The Twice Over Podcast

Season 4 Episode 5: Consent Regimes

Podcast Intro

Hello! My name is Steve D’Agustino and my co-host Anne Fernald and I welcome you to the Twice Over Podcast. Because to teach it to learn twice over. In this episode, Consent Regimes, Anne and I are joined by Florence Chee, Associate Professor in the School of Communication,  Director of Center for Digital Ethics and Policy; and She is also Founding Director of the Social & Interactive Media Lab Chicago Loyola University Chicago.

Anne Fernald: [00:00:00] Welcome back to the twice over podcast. I’m really happy that Steve and I are joined today by Florence Chi from Loyola university of Chicago. She’s an associate professor in the school of communications there.

And she’s also the director of their Center for Digital Ethics and the founding director of SimLab, which is the social and interactive media lab. Professor Chi is the author of Digital Game Culture in Korea, as well as many other articles and book chapters. And she’s a specialist in artificial intelligence, games, and social media.

Florence, thanks so much for being a guest on the twice over podcast and welcome.

Florence Chee: Thank you. It’s a pleasure to be chatting with you too.

Anne Fernald: So can you tell us a little bit about how you got interested in looking at games and social media? Let’s start there before we move into AI.
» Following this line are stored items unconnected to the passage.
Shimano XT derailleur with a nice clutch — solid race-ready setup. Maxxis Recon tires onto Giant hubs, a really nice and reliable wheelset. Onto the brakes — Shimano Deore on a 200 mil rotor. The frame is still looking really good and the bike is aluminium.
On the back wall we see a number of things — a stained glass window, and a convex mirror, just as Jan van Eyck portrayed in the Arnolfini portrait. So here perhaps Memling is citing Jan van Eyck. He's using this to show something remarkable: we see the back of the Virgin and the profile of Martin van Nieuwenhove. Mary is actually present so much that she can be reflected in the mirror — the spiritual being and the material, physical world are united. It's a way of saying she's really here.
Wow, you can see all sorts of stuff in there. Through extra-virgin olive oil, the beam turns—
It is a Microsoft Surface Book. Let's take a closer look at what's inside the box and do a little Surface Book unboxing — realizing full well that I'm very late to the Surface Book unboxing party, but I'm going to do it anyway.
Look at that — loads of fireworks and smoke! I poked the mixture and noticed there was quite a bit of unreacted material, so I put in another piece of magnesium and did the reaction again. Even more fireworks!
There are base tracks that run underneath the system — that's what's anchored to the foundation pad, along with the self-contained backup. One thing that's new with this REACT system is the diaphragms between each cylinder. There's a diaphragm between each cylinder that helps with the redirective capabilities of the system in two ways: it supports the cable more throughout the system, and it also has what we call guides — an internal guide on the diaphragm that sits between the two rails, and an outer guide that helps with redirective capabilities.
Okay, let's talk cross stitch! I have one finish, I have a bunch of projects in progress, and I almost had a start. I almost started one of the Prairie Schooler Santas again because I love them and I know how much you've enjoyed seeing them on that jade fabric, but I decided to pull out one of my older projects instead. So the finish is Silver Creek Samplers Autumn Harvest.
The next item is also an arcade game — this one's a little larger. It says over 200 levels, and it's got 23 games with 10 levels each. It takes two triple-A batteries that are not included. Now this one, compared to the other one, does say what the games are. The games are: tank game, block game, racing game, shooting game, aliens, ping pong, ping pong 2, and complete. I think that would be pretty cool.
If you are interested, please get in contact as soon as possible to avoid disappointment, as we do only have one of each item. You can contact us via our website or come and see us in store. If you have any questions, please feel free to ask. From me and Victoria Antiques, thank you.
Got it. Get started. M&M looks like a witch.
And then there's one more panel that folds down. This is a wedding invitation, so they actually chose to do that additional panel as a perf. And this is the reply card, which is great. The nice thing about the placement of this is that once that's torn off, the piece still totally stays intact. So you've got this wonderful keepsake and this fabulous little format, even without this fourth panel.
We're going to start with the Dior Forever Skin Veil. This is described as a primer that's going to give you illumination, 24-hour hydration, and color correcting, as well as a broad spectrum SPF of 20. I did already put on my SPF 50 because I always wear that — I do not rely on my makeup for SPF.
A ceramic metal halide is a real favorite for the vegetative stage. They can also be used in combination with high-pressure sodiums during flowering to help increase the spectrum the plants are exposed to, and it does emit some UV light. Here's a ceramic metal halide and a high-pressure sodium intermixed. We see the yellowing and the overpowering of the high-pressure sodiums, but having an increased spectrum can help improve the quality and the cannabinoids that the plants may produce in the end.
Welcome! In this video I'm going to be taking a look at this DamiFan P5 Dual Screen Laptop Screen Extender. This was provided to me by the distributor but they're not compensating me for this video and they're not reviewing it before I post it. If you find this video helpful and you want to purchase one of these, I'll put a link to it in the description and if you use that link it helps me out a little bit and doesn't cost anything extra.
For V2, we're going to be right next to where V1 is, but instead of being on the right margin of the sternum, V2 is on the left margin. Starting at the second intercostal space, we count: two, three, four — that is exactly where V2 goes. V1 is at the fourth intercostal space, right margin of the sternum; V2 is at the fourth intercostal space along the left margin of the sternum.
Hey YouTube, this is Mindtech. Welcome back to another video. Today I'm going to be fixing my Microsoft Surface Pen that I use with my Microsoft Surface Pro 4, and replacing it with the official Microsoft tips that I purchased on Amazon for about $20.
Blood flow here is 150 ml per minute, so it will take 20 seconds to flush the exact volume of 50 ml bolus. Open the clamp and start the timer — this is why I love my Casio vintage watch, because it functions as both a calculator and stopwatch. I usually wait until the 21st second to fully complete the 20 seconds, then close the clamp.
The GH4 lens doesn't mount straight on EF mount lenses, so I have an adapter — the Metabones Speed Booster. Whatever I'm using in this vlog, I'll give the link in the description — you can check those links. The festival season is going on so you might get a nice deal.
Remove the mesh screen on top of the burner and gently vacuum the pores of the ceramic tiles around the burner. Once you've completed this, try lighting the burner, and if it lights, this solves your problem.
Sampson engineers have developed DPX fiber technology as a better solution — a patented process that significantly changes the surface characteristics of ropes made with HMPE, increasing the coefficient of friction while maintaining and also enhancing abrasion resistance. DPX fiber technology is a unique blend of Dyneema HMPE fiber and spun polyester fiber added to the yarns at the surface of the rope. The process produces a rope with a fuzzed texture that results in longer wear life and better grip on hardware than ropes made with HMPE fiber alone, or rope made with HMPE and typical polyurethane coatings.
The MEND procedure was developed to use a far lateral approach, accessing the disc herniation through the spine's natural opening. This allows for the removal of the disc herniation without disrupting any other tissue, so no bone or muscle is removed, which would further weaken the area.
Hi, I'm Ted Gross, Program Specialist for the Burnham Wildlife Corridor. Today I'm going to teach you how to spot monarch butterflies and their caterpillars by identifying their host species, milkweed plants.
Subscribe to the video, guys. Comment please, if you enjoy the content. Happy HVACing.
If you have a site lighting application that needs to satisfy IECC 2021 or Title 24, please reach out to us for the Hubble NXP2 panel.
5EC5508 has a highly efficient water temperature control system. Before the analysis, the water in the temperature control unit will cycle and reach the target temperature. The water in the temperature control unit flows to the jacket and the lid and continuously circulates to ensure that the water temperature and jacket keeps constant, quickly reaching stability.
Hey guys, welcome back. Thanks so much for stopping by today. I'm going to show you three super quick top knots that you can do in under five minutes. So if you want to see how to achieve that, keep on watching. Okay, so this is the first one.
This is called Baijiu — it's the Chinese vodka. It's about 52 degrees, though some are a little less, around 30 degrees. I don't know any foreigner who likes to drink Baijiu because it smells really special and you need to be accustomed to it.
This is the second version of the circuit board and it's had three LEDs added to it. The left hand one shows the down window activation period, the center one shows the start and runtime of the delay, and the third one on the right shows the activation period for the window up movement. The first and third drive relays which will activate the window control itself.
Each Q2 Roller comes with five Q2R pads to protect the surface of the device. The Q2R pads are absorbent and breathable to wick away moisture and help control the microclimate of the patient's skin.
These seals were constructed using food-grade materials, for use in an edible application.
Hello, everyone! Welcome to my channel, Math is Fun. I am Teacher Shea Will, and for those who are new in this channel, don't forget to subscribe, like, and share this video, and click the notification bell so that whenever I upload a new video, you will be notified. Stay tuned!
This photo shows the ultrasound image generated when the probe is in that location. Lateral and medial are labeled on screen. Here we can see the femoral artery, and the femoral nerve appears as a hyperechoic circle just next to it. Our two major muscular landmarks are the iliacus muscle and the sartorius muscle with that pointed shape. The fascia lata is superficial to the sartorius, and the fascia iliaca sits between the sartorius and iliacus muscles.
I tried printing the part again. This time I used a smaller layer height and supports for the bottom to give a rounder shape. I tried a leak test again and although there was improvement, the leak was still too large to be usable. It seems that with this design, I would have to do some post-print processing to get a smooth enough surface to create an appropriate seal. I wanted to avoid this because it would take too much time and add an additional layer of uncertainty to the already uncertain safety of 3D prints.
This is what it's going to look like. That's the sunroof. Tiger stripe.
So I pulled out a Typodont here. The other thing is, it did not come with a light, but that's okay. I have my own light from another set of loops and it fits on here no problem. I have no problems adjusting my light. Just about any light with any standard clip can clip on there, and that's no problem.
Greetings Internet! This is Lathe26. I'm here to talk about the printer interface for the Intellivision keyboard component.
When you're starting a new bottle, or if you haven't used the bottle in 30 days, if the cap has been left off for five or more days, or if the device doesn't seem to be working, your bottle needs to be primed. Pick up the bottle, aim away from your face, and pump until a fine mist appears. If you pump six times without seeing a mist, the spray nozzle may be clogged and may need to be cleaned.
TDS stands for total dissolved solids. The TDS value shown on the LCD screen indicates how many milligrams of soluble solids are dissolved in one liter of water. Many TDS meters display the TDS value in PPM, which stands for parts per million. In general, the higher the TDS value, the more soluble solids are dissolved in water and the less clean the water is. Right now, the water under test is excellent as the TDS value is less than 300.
Florence Chee: Yeah. So as someone who has researched social interactions in various forms of communication media. I look at the meaning making practices. I’m a trained ethnographer and I look at pretty much the social world, the cultural world of how people engage with various technologies.

And coming from places where I’ve worked with technologists and engineers, computer scientists it’s often fell to me to look at the social side of things. And that’s how I broadly got into looking at what makes game communities compelling. And that had me going to various places in the world and talking to gamers themselves about what they get out of participating in these communities to lend a more human story to What might otherwise be dismissed as problematic usage of new [00:02:00] media, because typically games have been villainized in the media, they’ve been political talking points often when there’s been a school shooter as, is often in the U.S. news, especially the first thing that they tend to bring up is that this person was a gamer. And so that got me into looking at some explanations from the social side of things to delve deeper into the life worlds and what people really find meaningful about engaging with technology.

Anne Fernald: There are different kinds of games, [00:03:00] right?

There’s tabletop games that you play with other people who are in the room. There are video games that you play with a friend. In the same room. There are video games that you play like Minecraft or something where you’re online with other people who are not in the room with you. And then, there’s the kind of idle games like Solitaire or Candy Crush that you might not even play with anyone at all, right?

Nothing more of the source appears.